Administrators working to keep employees happy after study finds above-average absentee rate

Back in October, an anonymous letter writer claiming to be a member of the city’s Neighborhood Resources Department wrote a letter to Mayor Sue Hack.

Director Victor Torres had been mean to department employees, the writer said. Workloads were getting too heavy. Employees were leaving to find jobs elsewhere.

Though city officials won’t comment on specifics, they say they investigated the allegations and found some concerns to be more valid than others. That prompted officials to spend $2,200 on a consultant to help Neighborhood Resources administration and staff learn to communicate with each other.

The story illustrates a key lesson Lawrence city commissioners learned Thursday during a study session: Unhappy city employees are costly to taxpayers.

“You need to look at your least-satisfied employees,” Jackie Counts of GRI Research Inc. told commissioners, “because they’re costing you money.”

Unhappy employees quit or just call in absent more frequently, she said. Absenteeism costs the city of Lawrence more than $2 million a year, Counts said — more than the $1.38 million in annual aid the city lost when the state cut funding.

The city has an employee absentee rate of 3.4 percent, Counts said, while the national average for all employees is 2.1 percent.

“If we lowered absenteeism to the national average, we’d save $800,000 a year,” said City Commission candidate Lee Gerhard, who attended the meeting. Candidate Greg DiVilbiss also attended, while incumbent candidate Mike Rundle attended as a sitting commission member.

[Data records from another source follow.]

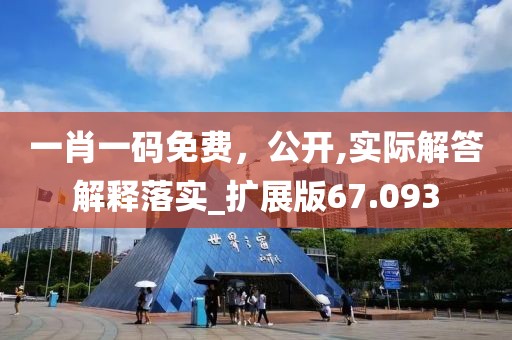 一肖一码免费，公开,实际解答解释落实_扩展版67.093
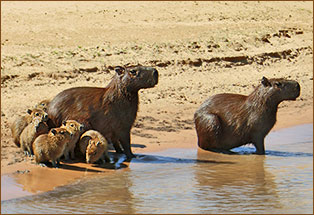 Wasserschwein Familie mit Jungtieren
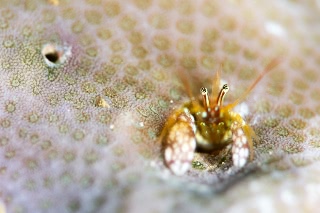 「無題」のサムネイル画像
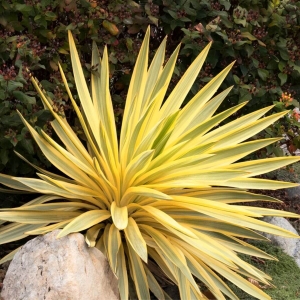 Juka gloriosa Citrus Twist ⌇  Yucca gloriosa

GRI Research surveyed city employees last year after commissioners gave City Manager Mike Wildgen six months to make City Hall more “user friendly.”

Wildgen survived the de facto probation, but commissioners also hired GRI to do two studies: one to measure the satisfaction of city employees and the other of city residents.

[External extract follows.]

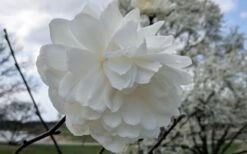 Wildcat Star Magnolia Tree - 3 Gallon Pot -Outlet Drip Mingle Store magnolia x loebneri wildcat star magnolia 3 1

Seventy-five percent of the city’s 750 employees answered the survey. They generally rated themselves high in customer service and their department’s reputation in the community, but said city officials didn’t do a good job of promoting from within.

Though GRI officials never mentioned departments or administrators by name during Thursday’s study session, employees in two city departments gave consistently low scores for morale: Finance (which handles city billing) and Neighborhood Resources.

“Some departments are falling below consistently … maybe those are areas where you should look,” Counts said.

Dave Kingsley, president of GRI Research, said the survey results shouldn’t be used to clean house at City Hall. Instead, he said, city administrators should begin management training programs and involve city employees in making departmental improvements.

“We did not want this to be a reason to find somebody to lower the boom on,” Kingsley said. “This should be the beginning of a process of improvement. Let’s declare amnesty and move on.”

Hack agreed.

“What we say now is ‘This is where we’re at,'” she said. “‘How are we going to get better?'”

That process already has started in Neighborhood Resources because of the anonymous letter.

“We want to provide an environment that’s fruitful for the staff,” Torres said. “We’ve come a long way.”

Commissioners will meet again, probably within the next month, to begin considering action inspired by the survey.